By Andrew John     Oct 31, 2010 in Science
Stem-cell techniques have been used to create a small version of the human liver in a laboratory. Scientists are hailing the achievement as a breakthrough.
The hope is that transplant livers can be produced, as livers for transplant become rarer.
“The demand for transplant livers far exceeds the number of available organs,” says the BBC, “and in recent years, research has focused on ways to use cell technology to support failing organs in the body, or even one day replace them.”

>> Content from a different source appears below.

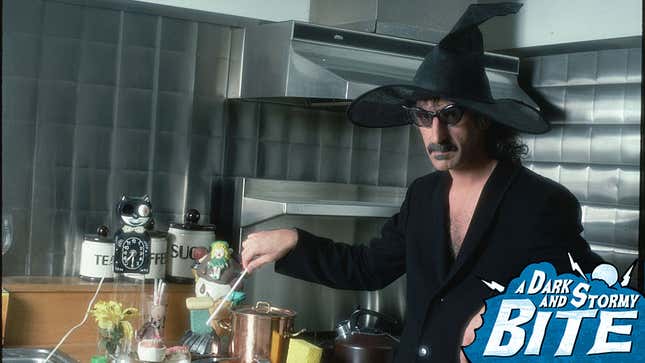 Frank Zappa stirring ingredients in a kitchen, wearing sunglasses and black witch hat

However, it’s expected to be several years before the technology becomes commonplace.
The findings of a team from Wake Forest University Baptist Medical Center were presented at a conference in Boston, MA.
“UK experts said it was an ‘exciting development’ but it was not yet certain a fully-functioning liver was possible,” says the BBC.

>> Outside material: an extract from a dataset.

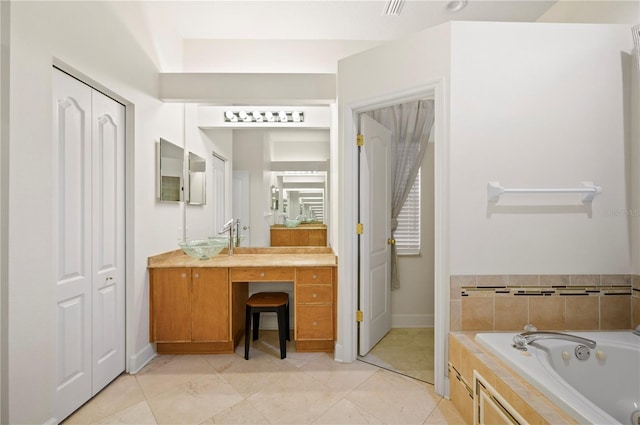 full bath featuring a closet, vanity, and a bath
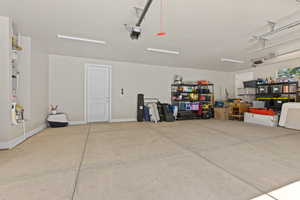Garage with baseboards and a garage door opener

The BBC story explains some of the techniques: “The method used by the Wake Forest researchers, and other teams around the world, is to form new liver tissue on a scaffold made from the structure of an existing liver.
“In this case, a detergent was used to strip away the cells from the liver, leaving only the collagen framework which supported them, and a network of tiny blood vessels.”
New stem cells were then gradually introduced – in this case immature liver cells and endothelial cells. These are to form a new lining for the blood vessels.
“After a week in a ‘bioreactor’, which nurtured the cells with a mixture of nutrients and oxygen, the scientists saw widespread cell growth within the structure, and even signs of some normal functions in the tiny organ,” says the BBC website.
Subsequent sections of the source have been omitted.